L’entretien professionnel doit être organisé tous les deux ans pour chaque salarié. Il a pour objectif d’examiner les perspectives d’évolution professionnelle du salarié et les formations qui peuvent y contribuer.

Tous les six ans, l’entretien professionnel doit faire l’objet d’un état des lieux récapitulatif du parcours professionnel du salarié. À cette occasion, l’employeur doit vérifier que le salarié a bénéficié au cours des six dernières années :

  • D’au moins une action de formation
  • D’une progression salariale ou professionnelle
  • D’une certification ou d’éléments de certification par la formation ou par une validation des acquis de l’expérience (VAE)

Si le salarié n’a pas bénéficié de ces éléments, l’entreprise doit abonder son compte personnel de formation à hauteur de 3000 euros.

Les entreprises d’au moins 50 salariés sont soumises à une obligation renforcée : elles doivent justifier que chaque salarié a bénéficié des entretiens professionnels et d’au moins une formation non obligatoire tous les six ans. À défaut, elles doivent verser une pénalité à France compétences.

La mise en place et le suivi des entretiens professionnels nécessitent une organisation rigoureuse de la part des entreprises, avec la mise en place d’outils de suivi adaptés et la formation des managers à la conduite de ces entretiens.

Les enjeux stratégiques de la formation professionnelle pour les entreprises

Au-delà des obligations légales, la formation professionnelle représente un enjeu stratégique majeur pour les entreprises. Elle constitue un levier essentiel pour :

  • Adapter les compétences des salariés aux évolutions technologiques et organisationnelles
  • Améliorer la performance et la compétitivité de l’entreprise
  • Fidéliser les talents et renforcer l’attractivité de l’entreprise
  • Favoriser la mobilité interne et sécuriser les parcours professionnels

La mise en place d’une politique de formation efficace implique une réflexion stratégique sur les besoins en compétences de l’entreprise à court et moyen terme. Cette réflexion doit s’appuyer sur une gestion prévisionnelle des emplois et des compétences (GPEC) permettant d’anticiper les évolutions des métiers et des qualifications.
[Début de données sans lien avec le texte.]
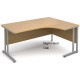 Maestro Cantilever Ergonomic Corner Office Desk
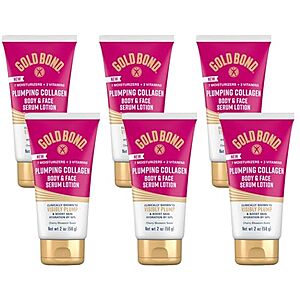 [SnS] $11.39* | 6-Pack 2-Oz Gold Bond Plumping Collagen Body & Face Serum Lotion (Cherry Blossom) at Amazon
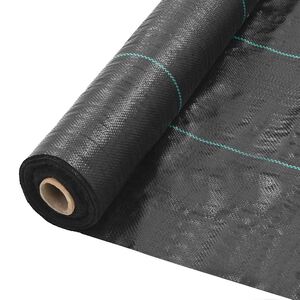 vidaXL Worteldoek 1x50 m PP zwart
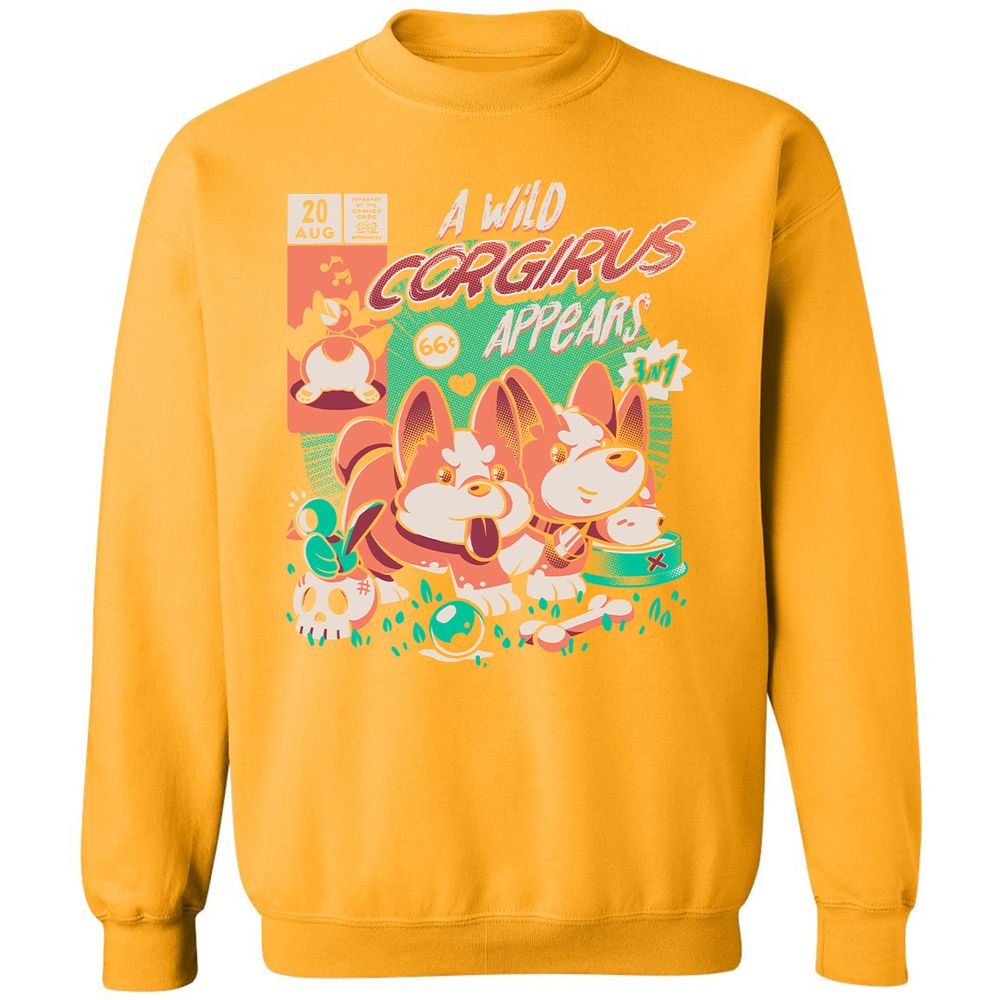 Classic Unisex Sweatshirt - 1JPQ74W9 - Gold - 11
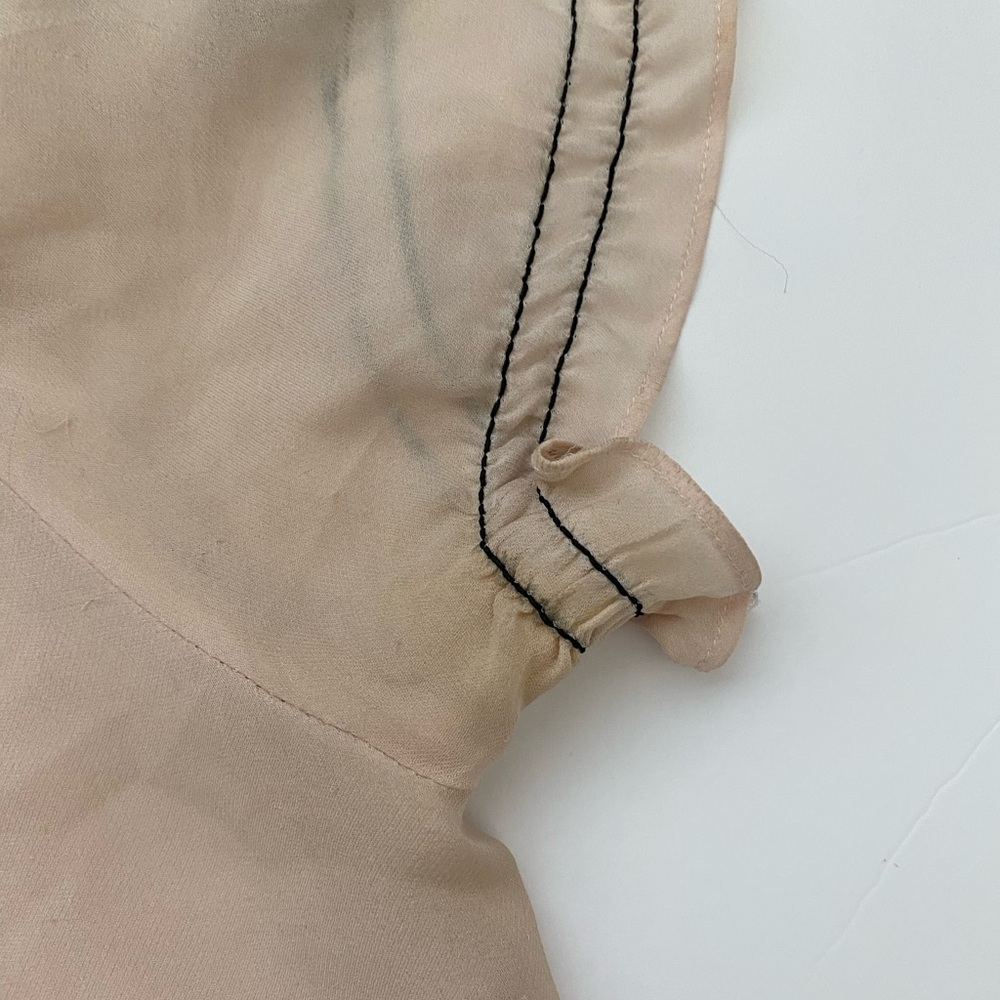 Y2K 100% silk Nanette Lepore peasant top - Picture 3 of 7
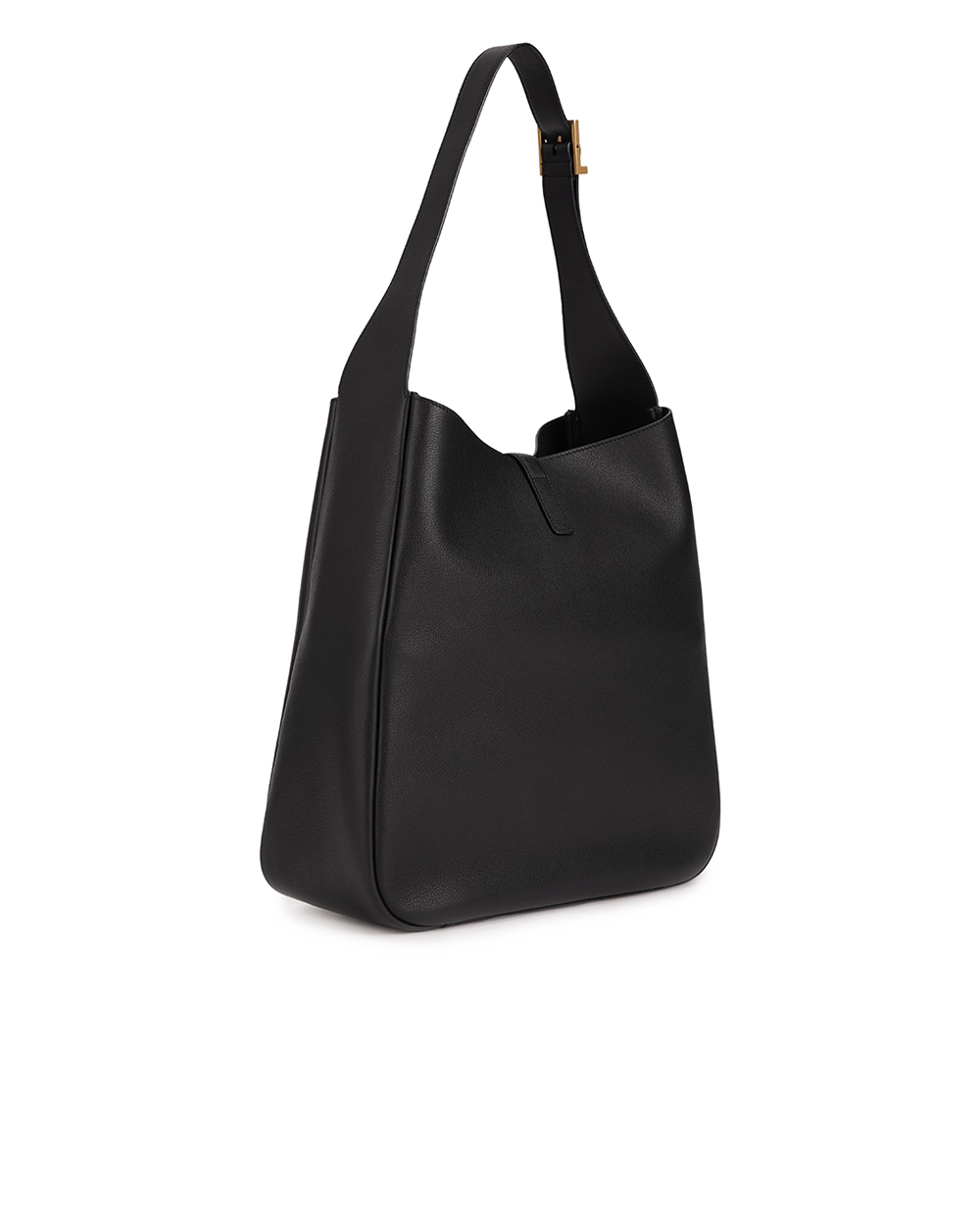 Кожаная сумка Le 5 À 7 Supple Large Saint Laurent 753837-AAAUQ, черный цвет • Купить в интернет-магазине Kameron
Les entreprises ont tout intérêt à dépasser la simple conformité aux obligations légales pour développer une véritable culture de la formation continue. Cela peut se traduire par :

  • La mise en place de parcours de formation personnalisés
  • Le développement de la formation en situation de travail (FEST)
  • L’encouragement à l’utilisation du CPF par les salariés, éventuellement avec un abondement de l’entreprise
  • La promotion de l’alternance et de l’apprentissage

La digitalisation de la formation, accélérée par la crise sanitaire, offre de nouvelles opportunités pour rendre la formation plus accessible et plus adaptée aux besoins individuels. Les entreprises doivent intégrer ces nouvelles modalités dans leur stratégie de formation.

Enfin, la formation professionnelle s’inscrit dans une démarche plus large de responsabilité sociale des entreprises (RSE). En investissant dans le développement des compétences de leurs salariés, les entreprises contribuent à l’employabilité et à l’épanouissement professionnel de ces derniers, tout en renforçant leur propre capacité d’adaptation aux mutations économiques et sociales.